# EXERCISE DIRECTIONS
What is needed is an exact copy of the entries below, with the pictures left out.
[SOURCE RECORDS — start]
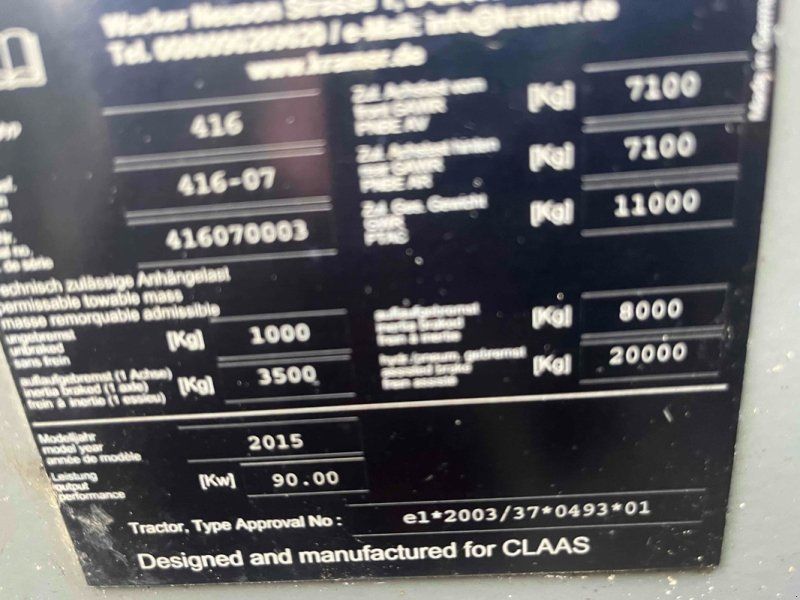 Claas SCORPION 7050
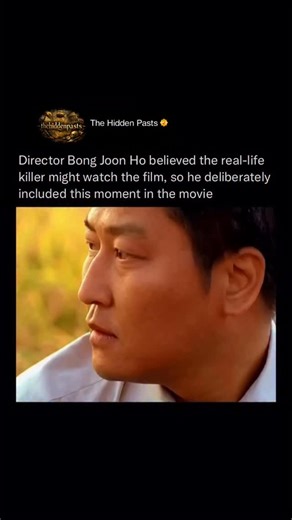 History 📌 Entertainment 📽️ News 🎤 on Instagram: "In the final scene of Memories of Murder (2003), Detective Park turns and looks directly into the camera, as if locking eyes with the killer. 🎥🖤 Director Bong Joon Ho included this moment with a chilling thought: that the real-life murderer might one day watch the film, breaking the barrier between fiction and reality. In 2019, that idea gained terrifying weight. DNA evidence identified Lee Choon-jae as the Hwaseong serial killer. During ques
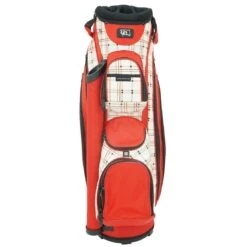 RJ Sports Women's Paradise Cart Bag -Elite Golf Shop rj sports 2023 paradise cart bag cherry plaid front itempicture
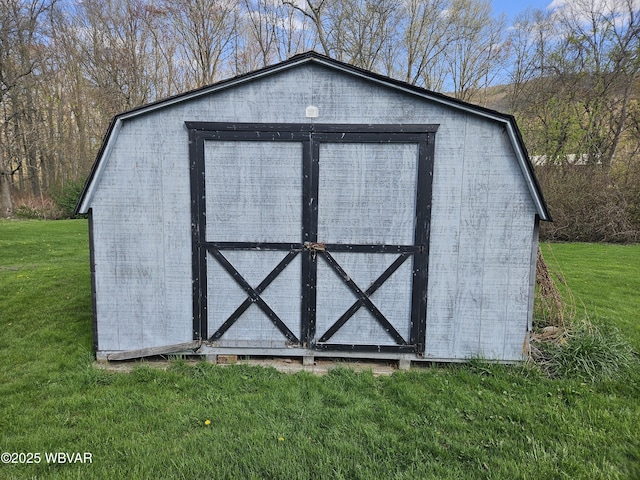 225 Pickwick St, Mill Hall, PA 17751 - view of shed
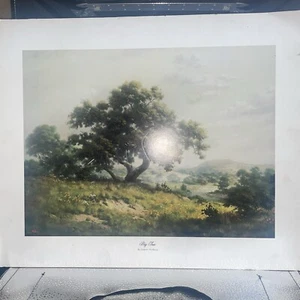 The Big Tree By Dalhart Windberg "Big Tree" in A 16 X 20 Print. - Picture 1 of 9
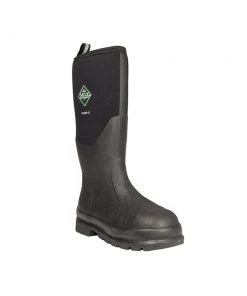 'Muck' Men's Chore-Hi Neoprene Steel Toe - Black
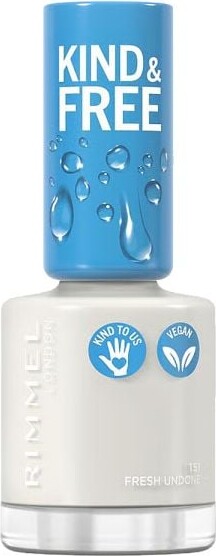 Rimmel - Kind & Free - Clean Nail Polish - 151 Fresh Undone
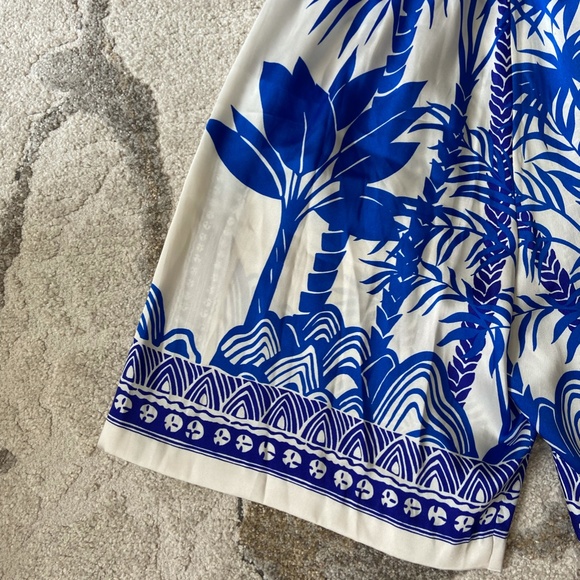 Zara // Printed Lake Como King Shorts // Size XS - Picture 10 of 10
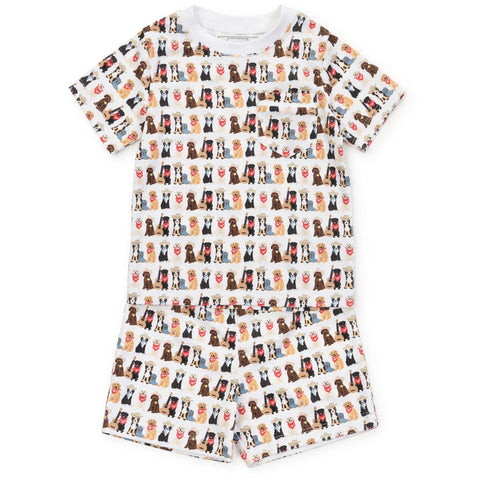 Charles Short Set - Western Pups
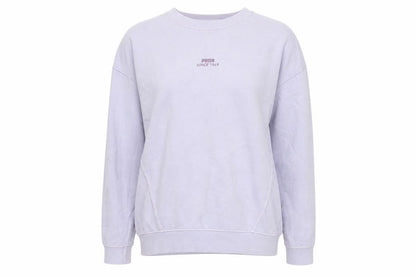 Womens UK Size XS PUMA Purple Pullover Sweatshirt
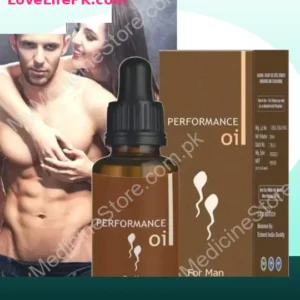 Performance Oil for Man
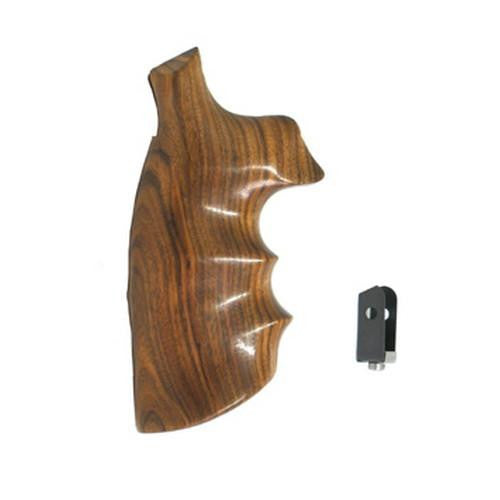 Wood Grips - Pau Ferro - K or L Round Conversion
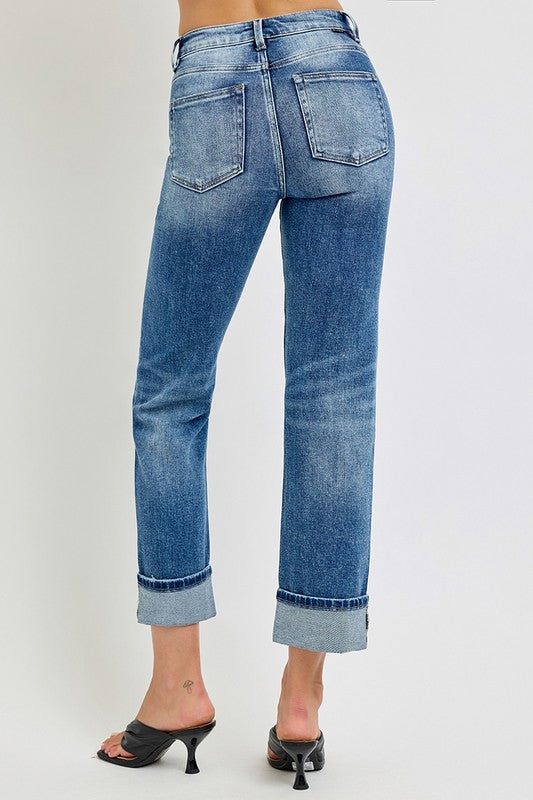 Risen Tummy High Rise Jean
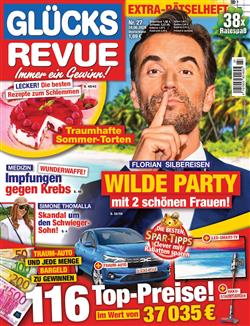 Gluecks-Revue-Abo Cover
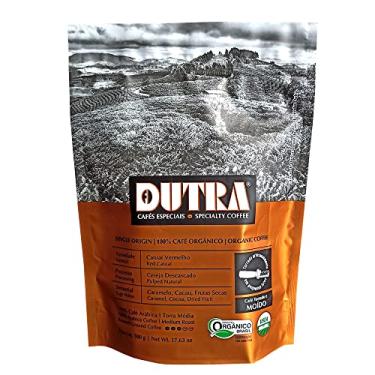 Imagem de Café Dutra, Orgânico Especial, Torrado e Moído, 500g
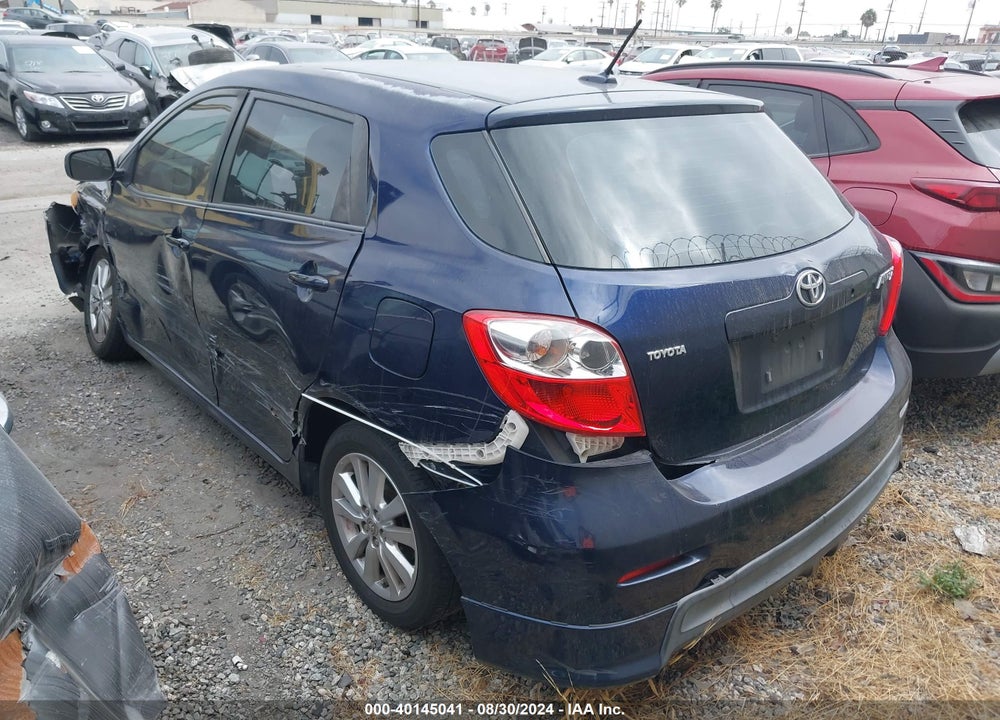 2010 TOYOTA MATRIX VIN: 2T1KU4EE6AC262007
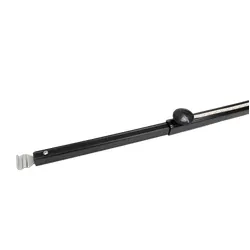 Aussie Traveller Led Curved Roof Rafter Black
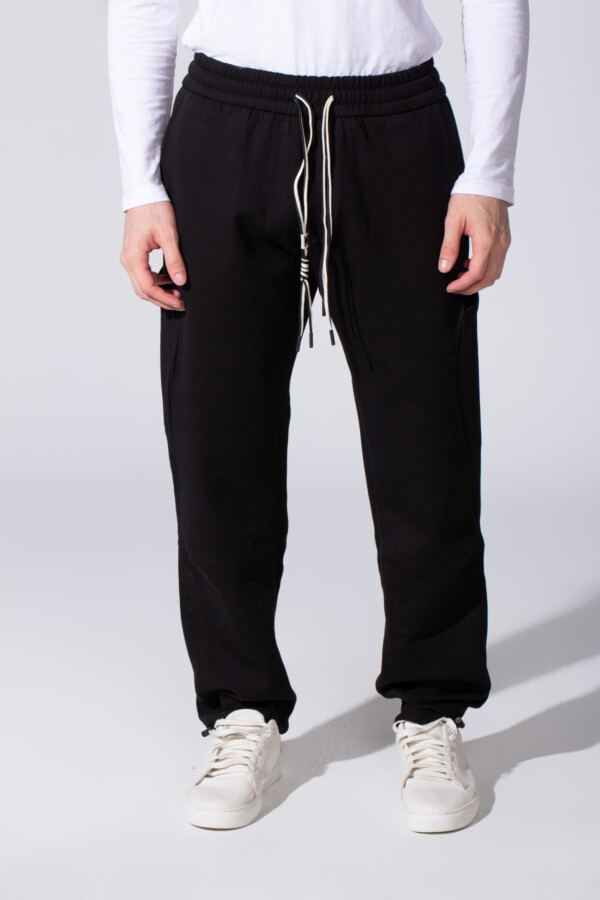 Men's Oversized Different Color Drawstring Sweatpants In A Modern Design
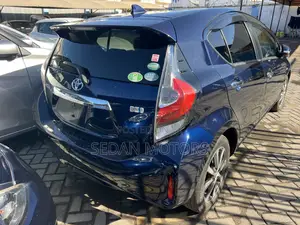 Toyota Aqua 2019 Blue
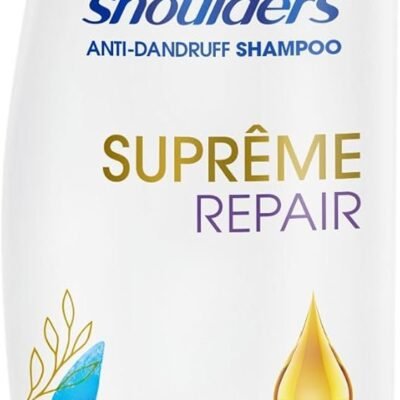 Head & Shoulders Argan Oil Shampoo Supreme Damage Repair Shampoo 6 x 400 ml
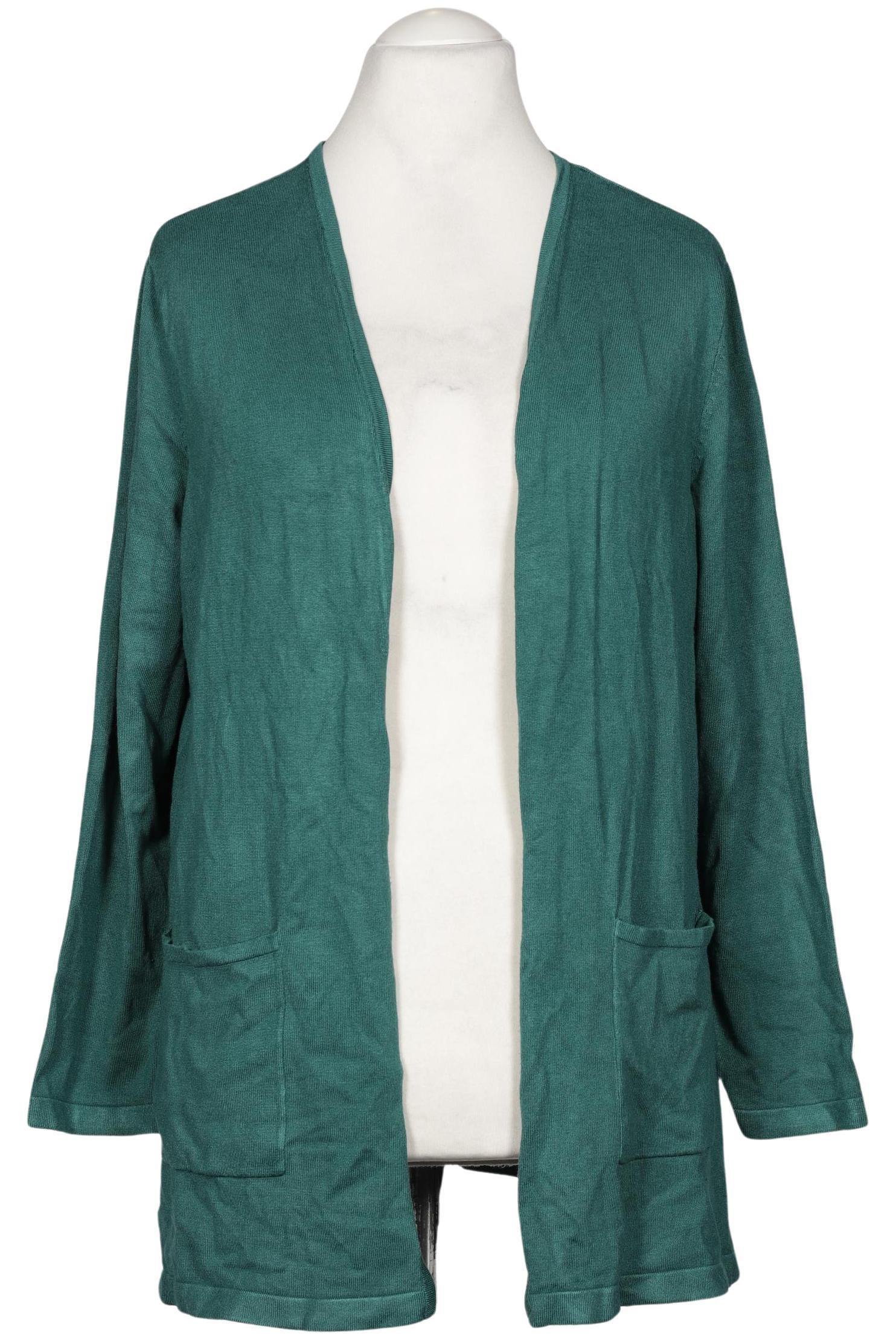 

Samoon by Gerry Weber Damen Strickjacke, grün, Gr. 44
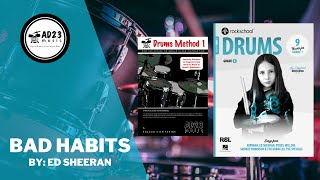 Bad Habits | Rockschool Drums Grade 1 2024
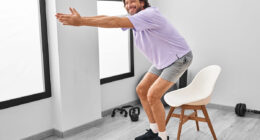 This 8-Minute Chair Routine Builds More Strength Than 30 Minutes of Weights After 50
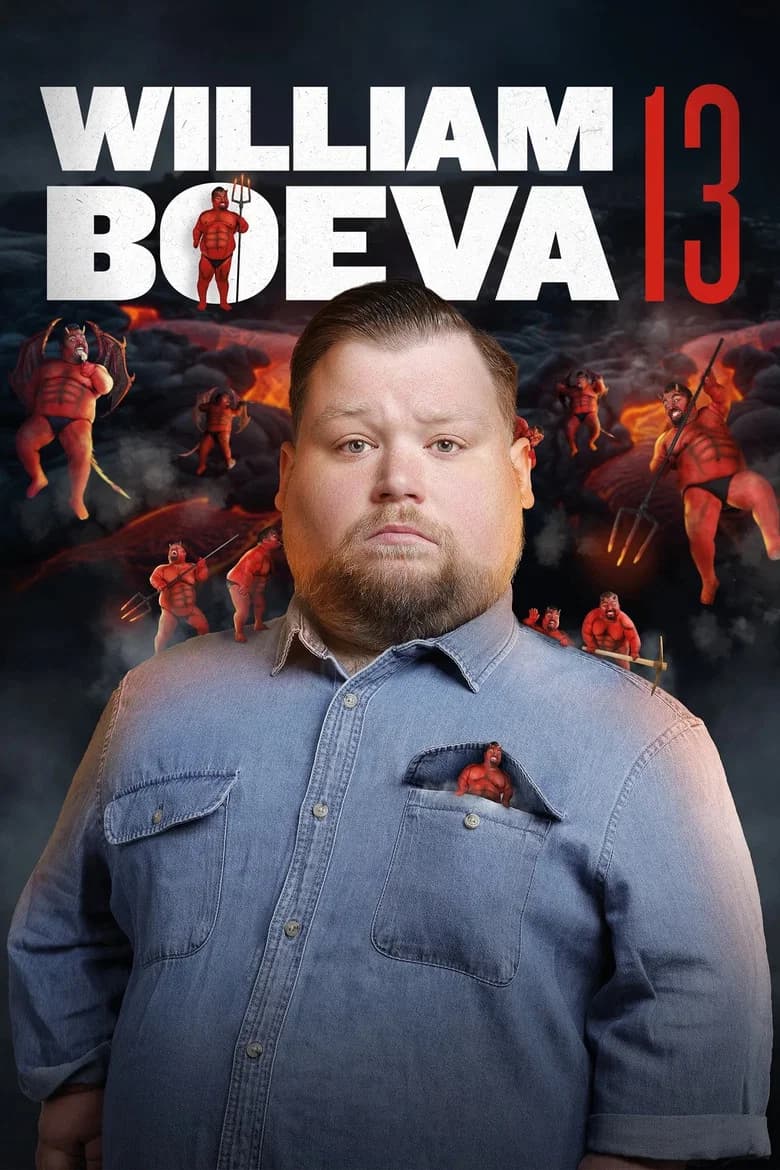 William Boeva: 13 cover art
[SOURCE RECORDS — finish]
# RESPONSE TO THE EXERCISE
 Claas SCORPION 7050
 History 📌 Entertainment 📽️ News 🎤 on Instagram: "In the final scene of Memories of Murder (2003), Detective Park turns and looks directly into the camera, as if locking eyes with the killer. 🎥🖤 Director Bong Joon Ho included this moment with a chilling thought: that the real-life murderer might one day watch the film, breaking the barrier between fiction and reality. In 2019, that idea gained terrifying weight. DNA evidence identified Lee Choon-jae as the Hwaseong serial killer. During ques
 RJ Sports Women's Paradise Cart Bag -Elite Golf Shop rj sports 2023 paradise cart bag cherry plaid front itempicture
 225 Pickwick St, Mill Hall, PA 17751 - view of shed
 The Big Tree By Dalhart Windberg "Big Tree" in A 16 X 20 Print. - Picture 1 of 9
 'Muck' Men's Chore-Hi Neoprene Steel Toe - Black
 Rimmel - Kind & Free - Clean Nail Polish - 151 Fresh Undone
 Zara // Printed Lake Como King Shorts // Size XS - Picture 10 of 10
 Charles Short Set - Western Pups
 Womens UK Size XS PUMA Purple Pullover Sweatshirt
 Performance Oil for Man
 Wood Grips - Pau Ferro - K or L Round Conversion
 Risen Tummy High Rise Jean
 Gluecks-Revue-Abo Cover
 Imagem de Café Dutra, Orgânico Especial, Torrado e Moído, 500g
 2010 TOYOTA MATRIX VIN: 2T1KU4EE6AC262007
 Aussie Traveller Led Curved Roof Rafter Black
 Men's Oversized Different Color Drawstring Sweatpants In A Modern Design
 Toyota Aqua 2019 Blue
 Head & Shoulders Argan Oil Shampoo Supreme Damage Repair Shampoo 6 x 400 ml

Samoon by Gerry Weber Damen Strickjacke, grün, Gr. 44
 Bad Habits | Rockschool Drums Grade 1 2024
 This 8-Minute Chair Routine Builds More Strength Than 30 Minutes of Weights After 50
 William Boeva: 13 cover art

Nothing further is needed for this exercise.